Achieving personalised, engaging customer experiences with AI
Banks that don't embrace AI run the risk of losing both existing and potential customers to competition that offers superior personalised experiences. But, with multiple channels through which to reach customers and the multiple underlying systems associated with specific banking products, it can be difficult for banks to consolidate real-time insights into customers' activities, behaviours and preferences.
This is particularly true as banks undertake the curation and maintenance of an ecosystem. A key strategy to maintaining relevance and preserving competitive advantage is recognising that one organisation is likely not capable of doing everything required to deliver a mixture of innovation and services that ultimately provide excellent consumer products and experiences.
While the data is there, the key is knowing how to gather and leverage that information. Oftentimes, the two biggest obstacles banks face are 1) getting the data from across multiple internal systems, and 2) knowing how to analyse and act on that data to enable the delivery of personalised, contextual messages and curated experiences within a matter of milliseconds.
Below are some of the critical aspects to look for when deciding on an AI-powered customer insight solution that will allow for seamless, omni-channel customer experiences:
* Interaction with all established customer channels. A bank's AI solution should be designed to monitor and facilitate real-time interaction across all existing channels and with its ecosystem in an agile, secure and scalable fashion. A bank's call centre personnel, for example, should have full insight into customers' recent Web site visits and possibly social media activity. This kind of integrated information sharing is crucial to a customer's experience, which, in turn, is crucial to a bank's ability to cultivate long-term customer relationships. Customers don't want to have to recount history with their bank; they want their bank to know that history and to build on it to foresee their needs.
* Analysis and optimisation tools that facilitate process improvements. Few banks have the required insight to act in real-time not only when it comes to providing customer service, but also in terms of monitoring back-end systems. A bank should be able to analyse the underlying business processes, in addition to analysing a customer's experience on existing channels. Doing so will allow banks to determine how effectively their existing processes operate, whether there are any bottlenecks, and then model and implement process optimisations across all of their physical, Web, digital and mobile channels to serve customers more effectively and provide a great customer experience.

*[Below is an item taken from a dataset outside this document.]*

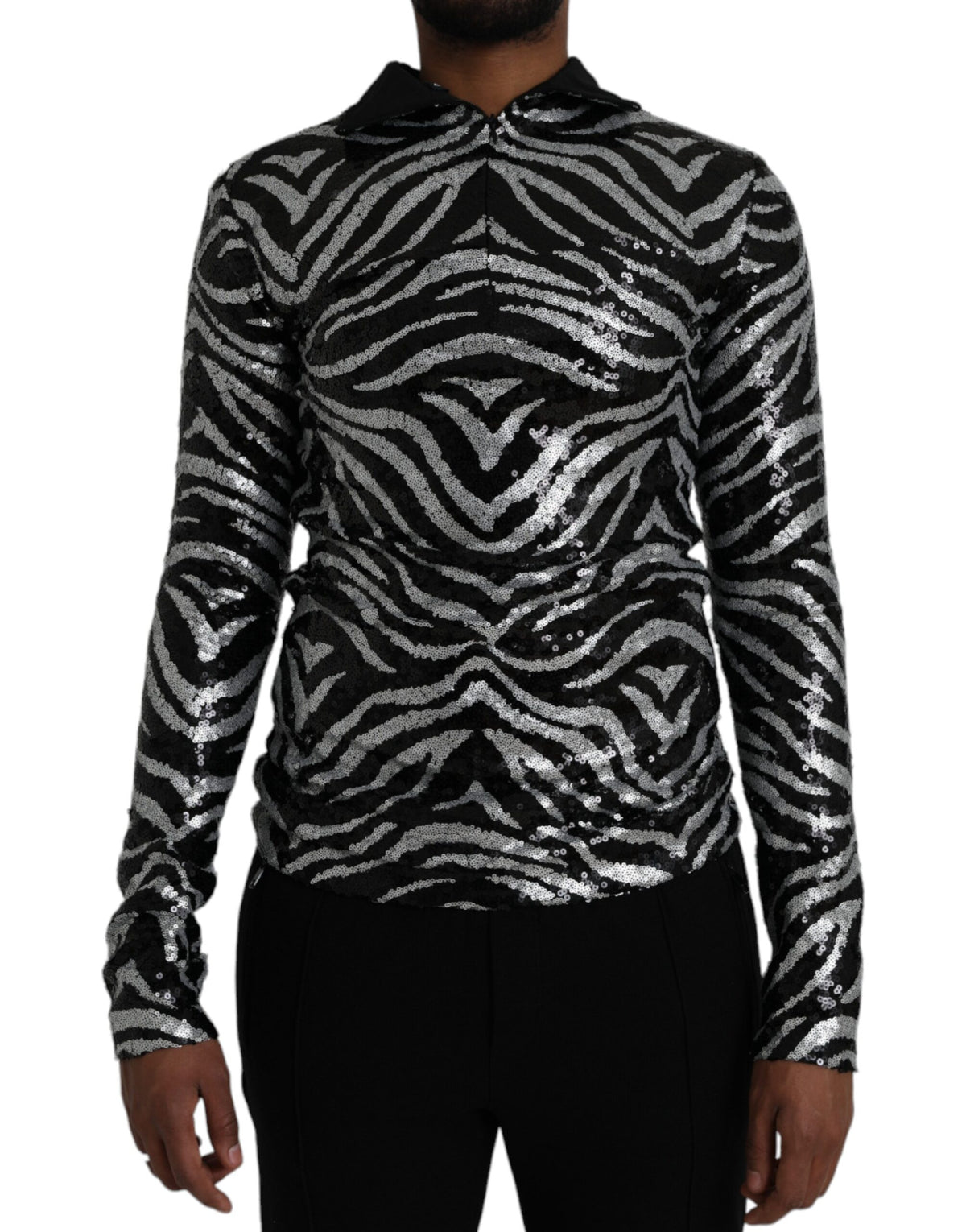 Pull en polyester noir et argenté à paillettes de Dolce &amp; Gabbana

* Scalability and feature flexibility. As a bank's customer base and ecosystems grow, as well as all the associated data, an AI solution should be able to keep up and grow with the business instead of requiring new technologies at every stage of customer growth. In addition, any AI platform implemented should not simply be a point solution that only has the capacity to fix one set of problems (ie, greater customer insights and personalisation). Rather, the solution should have the flexibility to address a variety of business challenges that banks may need to address in the future, for example, maintaining compliance and identifying market fraud.
AI is the key to helping banks transition from the old, physical world to a digital one, where they can better compete with digital-first players by becoming digital providers of highly customised customer experiences.